# What you need to do
When you copy the records that follow, please keep every word exactly as it is and leave out the pictures.

# Records for the task
+ + + +
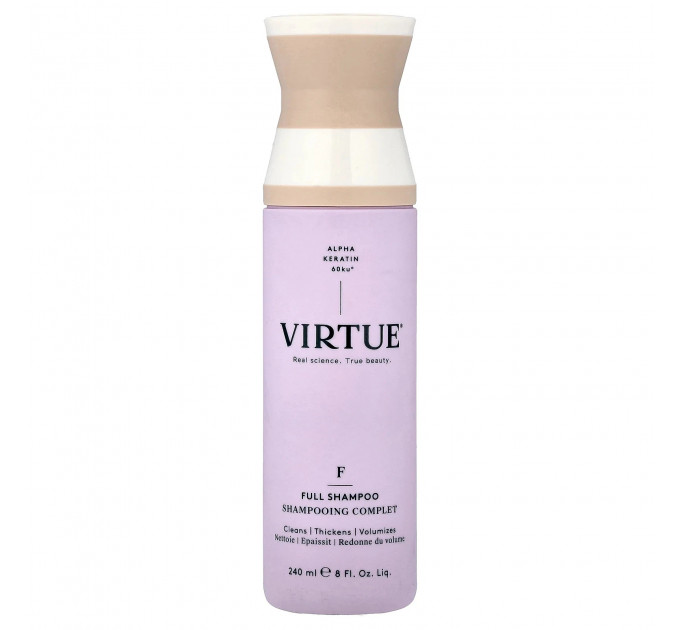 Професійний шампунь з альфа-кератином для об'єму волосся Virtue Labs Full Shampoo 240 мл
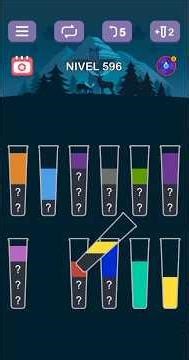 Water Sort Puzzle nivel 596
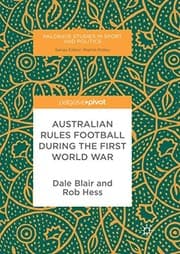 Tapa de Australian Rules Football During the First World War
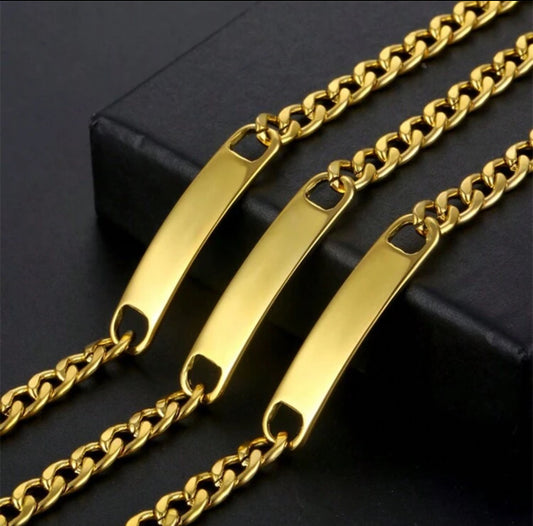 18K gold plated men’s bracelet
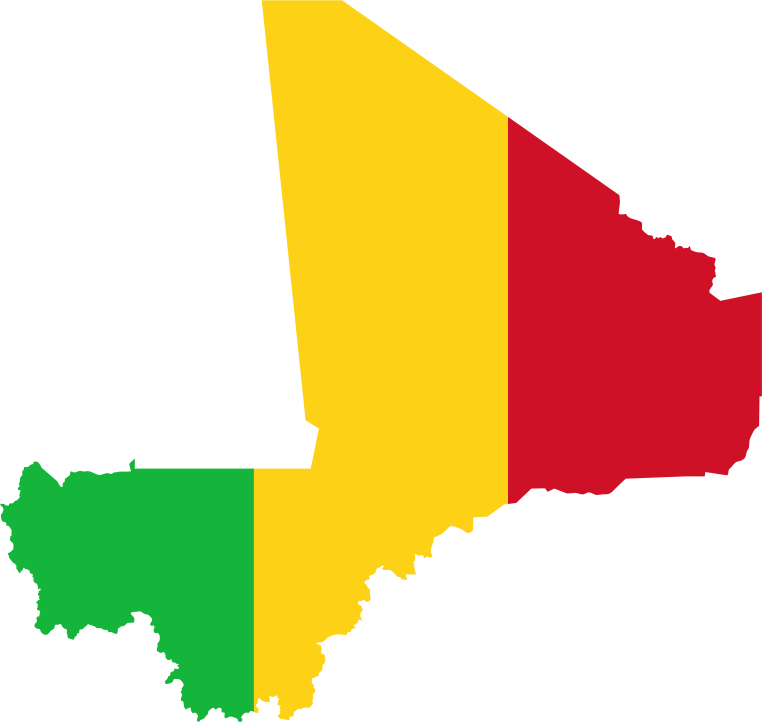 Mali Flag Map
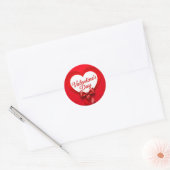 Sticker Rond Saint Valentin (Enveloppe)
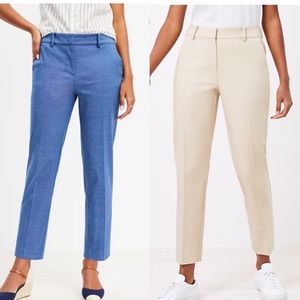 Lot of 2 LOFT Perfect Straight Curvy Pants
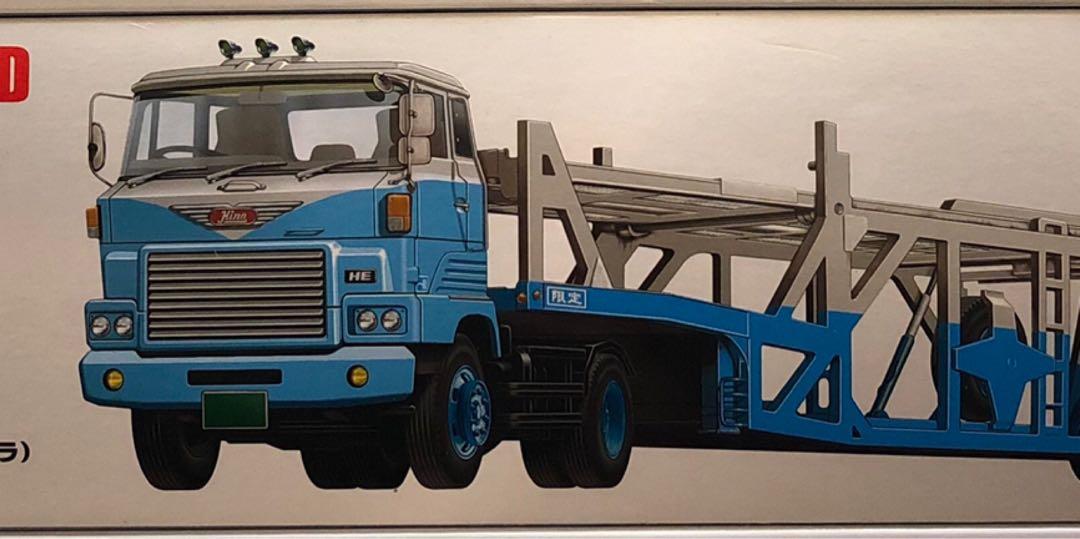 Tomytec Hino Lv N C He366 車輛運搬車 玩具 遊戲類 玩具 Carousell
+ + + +
# Output for this exercise
 Професійний шампунь з альфа-кератином для об'єму волосся Virtue Labs Full Shampoo 240 мл
 Water Sort Puzzle nivel 596
 Tapa de Australian Rules Football During the First World War
 18K gold plated men’s bracelet
 Mali Flag Map
 Sticker Rond Saint Valentin (Enveloppe)
 Lot of 2 LOFT Perfect Straight Curvy Pants
 Tomytec Hino Lv N C He366 車輛運搬車 玩具 遊戲類 玩具 Carousell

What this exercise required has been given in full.